Indonesia Menuju Nepokrasi?
Kolom

Indonesia Menuju Nepokrasi?

Kemunduran demokrasi yang dibajak nepotisme. Pada dasarnya adalah monarki berbasis keturunan dan kroni.

Membusuk lewat Nepokrasi

Nepotisme dikenal sebagai pemahaman kalangan penguasa yang bertendensi menggunakan pendekatan kekerabatan dan kroni dalam pengisian jabatan publik.

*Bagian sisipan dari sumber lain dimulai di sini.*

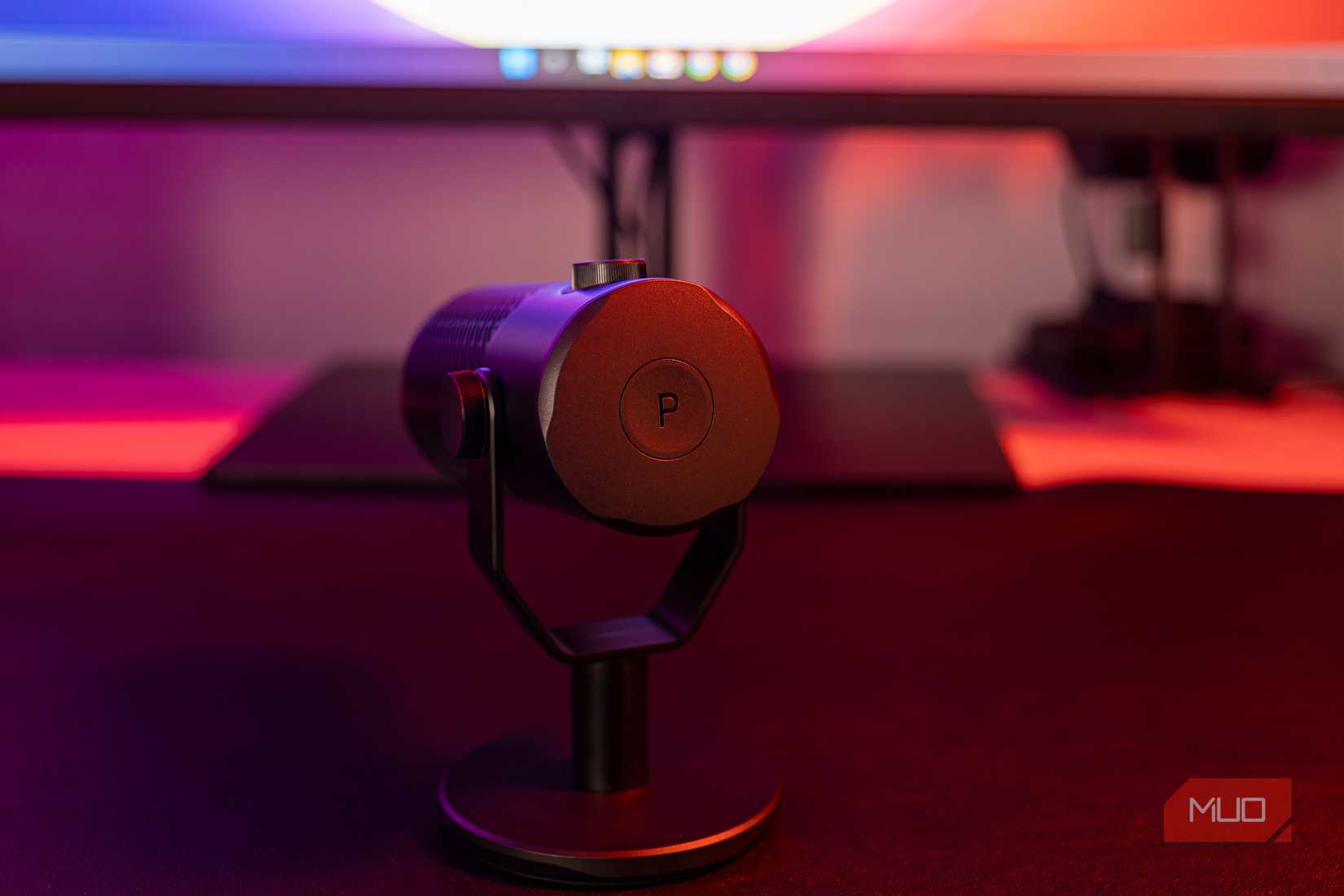 JBL Quantum Stream Studio Review: Great Features, Okay Audio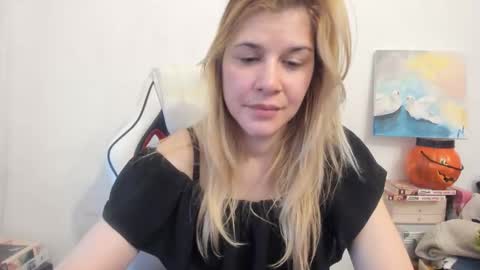 Snapshot of artsyandcraftsy_ chatting on February 26, 2:38 pm MIA online show from February 26, 2:38 pm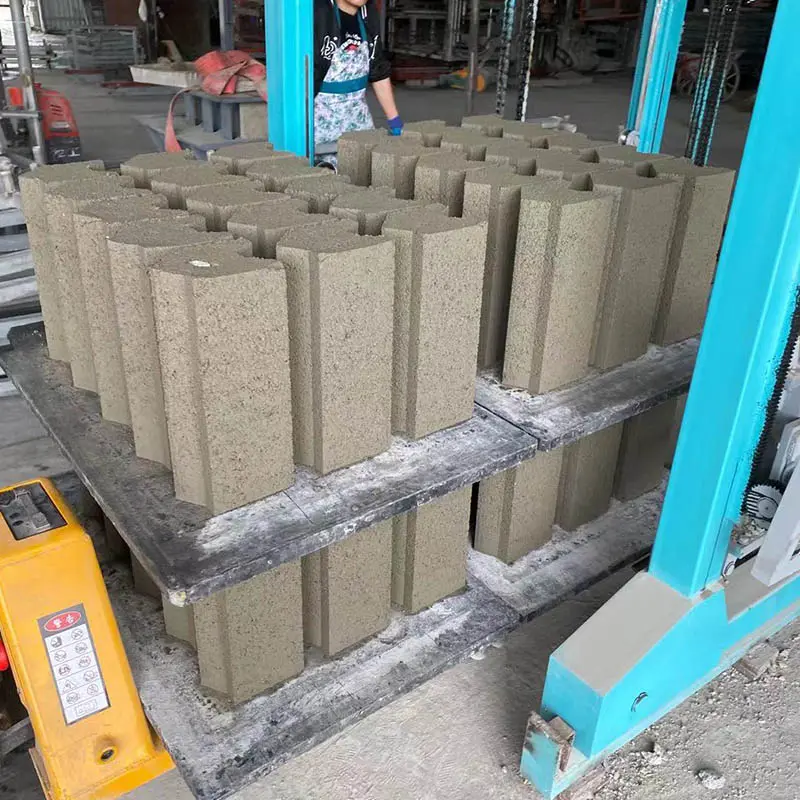 As vantagens e aplicações das máquinas de blocos automáticos na indústria da construção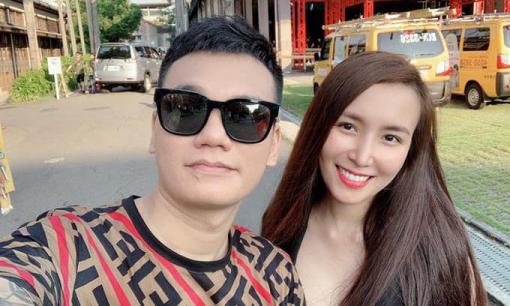 Bà xã nhạc sĩ Khắc Việt hạ sinh đôi trai gái đầu lòng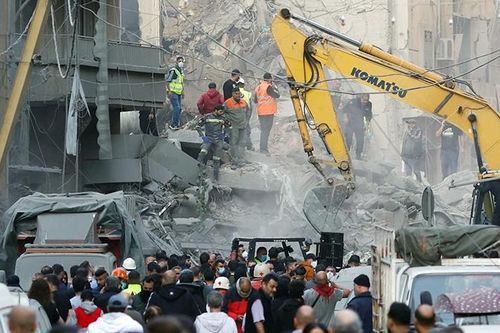 Quân đội Israel tiếp tục oanh kích vào Liban và Dải Gaza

Berdasarkan regulasi, pengertian nepotisme dijelaskan Pasal 1 angka 5 UU No.28 Tahun 1999 sebagai ”setiap perbuatan penyelenggara negara secara melawan hukum yang menguntungkan kepentingan keluarganya dan atau kroninya yang merugikan orang lain, masyarakat, dan atau negara”. Perbuatan ini sendiri dikualifikasi sebagai tindak pidana oleh Pasal 22 UU No.28 Tahun 1999 dengan ancaman pidana penjara paling singkat 2 tahun dan paling lama 12 tahun dan denda paling sedikit Rp200 juta dan paling banyak Rp1Miliar.

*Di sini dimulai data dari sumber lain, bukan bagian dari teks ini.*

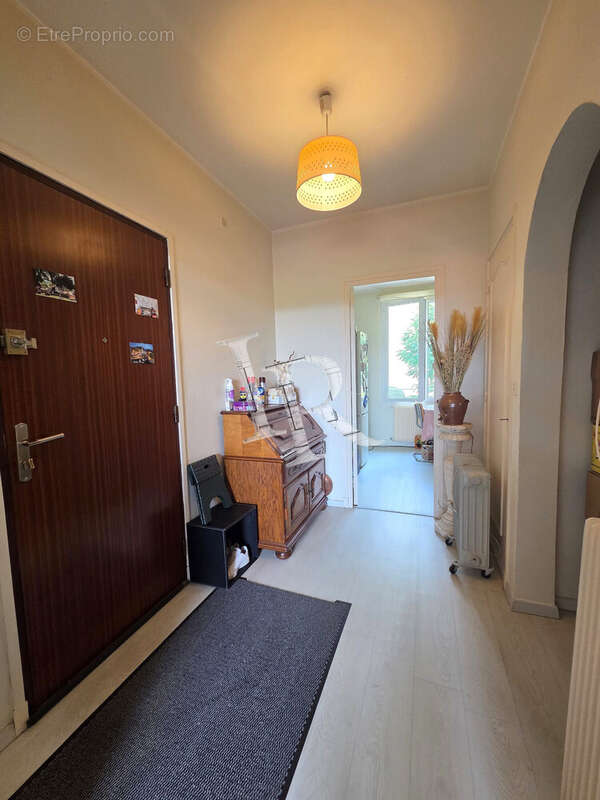 Appartement 70 m² à Le Puy-En-Velay  - photo 4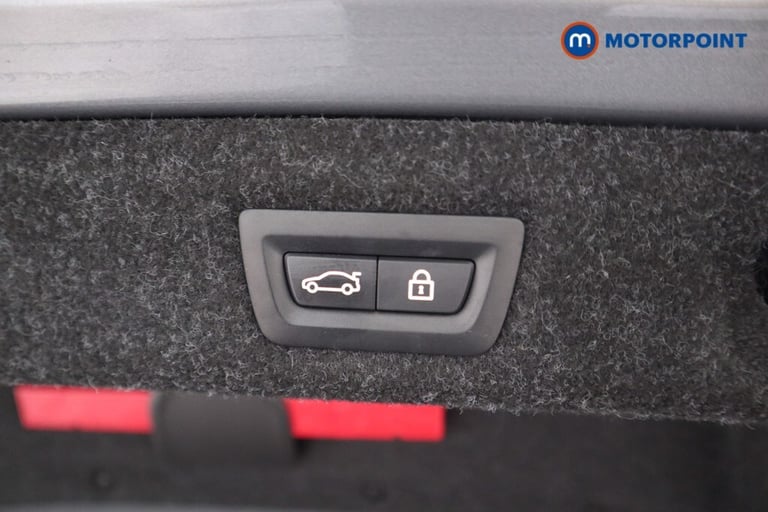 2022 BMW 5 Series 530e M Sport 4dr Auto [Tech Pack] Saloon Hybrid Automatic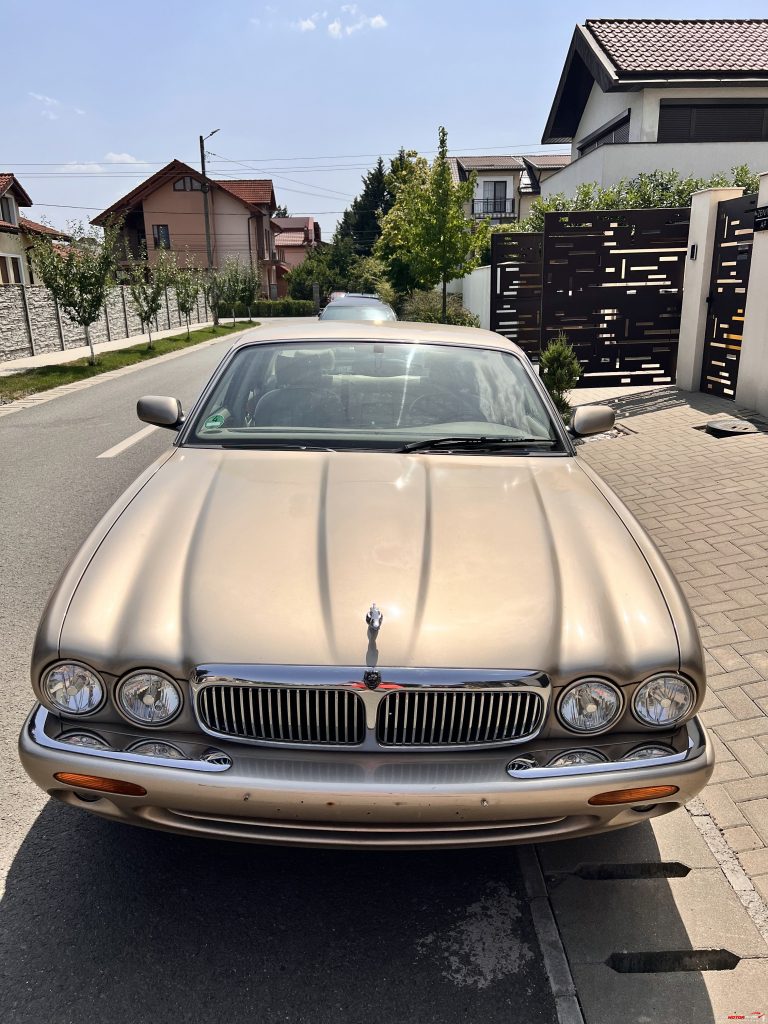 1998 Jaguar XJ Sovereign Gold 4.0 V8 (38)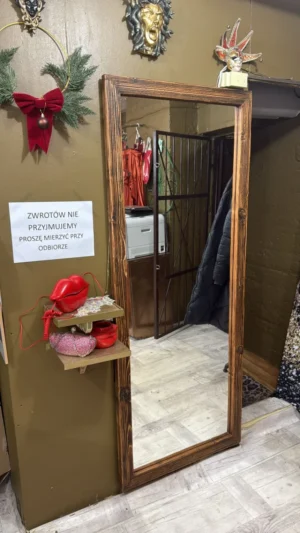 Lustro w ramie drewnianej dąb ciemy struktura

Nepotisme dapat dikategorikan sebagai salah satu bentuk konflik kepentingan yang dilarang dalam penyelenggaraan negara. Alasannya karena akan berujung pada ketidakmampuan bersikap secara adil dan objektif. Akan tetapi, persepsi terhadap nepotisme kerap dipisahkan sebagai persoalan yang legal formal antara hukum dan etika. Salah satu persoalannya adalah akibat penggunaan unsur “secara melawan hukum” dalam Pasal 1 angka 5 UU No.28 Tahun 1999. Persoalan nepotisme harus dianggap melawan hukum ketika terjadi “secara melawan hukum”, padahal nepotisme berakar dari pelanggaran etika. Unsur yang demikian itu pada akhirnya menciptakan kesadaran palsu (false consciousness). Seolah-olah nepotisme baru disebut nepotisme apabila dilakukan secara melawan hukum. Padahal, nepotisme sudah menjadi nepotisme ketika etika konflik kepentingan sudah terlanggar.

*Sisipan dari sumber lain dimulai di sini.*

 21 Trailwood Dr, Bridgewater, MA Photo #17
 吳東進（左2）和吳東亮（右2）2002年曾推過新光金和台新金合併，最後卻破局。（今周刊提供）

Beragam bentuk konflik kepentingan bisa bersembunyi di balik instrumen dan prosedur-prosedur yang didengungkan atas nama demokrasi itu sendiri. Atas nama demokrasi—yang dimaknai sempit sebagai kontestasi elektoral semata—, nepotisme bisa berlindung dan tumbuh subur di baliknya. Alih-alih dihindari, nepotisme justru dianggap sebagai salah satu strategi. Nepotisme bahkan menjadi sesuatu yang dikompetisikan.

Awalnya nepotisme dikompetisikan secara tersembuyi, lalu bergerak menjadi terbuka. Nepotisme tersembunyi misalnya terjadi pada tataran internal partai politik saat pencalonan peserta pemilu. Wujudnya ialah penentuan bakal calon atau nomor urut calon anggota legislatif yang mengutamakan kerabat atau kroni.

Nepotisme secara terbuka dipertontonkan ketika meletakkan anak atau sanak saudara sebagai calon penerus kekuasaan melalui sarana pemilu. Bahkan itu dilakukan dengan memaksa atau mendorong birokrasi untuk berpihak.

Situasi ini mengubah demokrasi menjadi nepokrasi. Kesadaran rakyat dimanipulasi oleh pemahaman bahwa semua proses pemilihan adalah demokratis. Padahal, opsi pilihan jelas-jelas dibatasi dan diarahkan kepada proses yang nepotisme.

Memilih Nepokrasi

Eksistensi nepokrasi adalah hasil pilihan. Nepokrasi hanya timbul apabila demokrasi mengalami pembusukan. Pembusukan itu sendiri bisa saja bersumber dari hasil pemilu yang berlindung pada prinsip “demokratis”. Pemilu yang berperan untuk sirkulasi kekuasaan tetapi dijalankan dengan krisis ide hanya akan mereduksi esensi pemilu. Pemilu yang memiliki makna kedaulatan rakyat bisa direduksi menjadi sarana transfer kedaulatan rakyat kepada elit.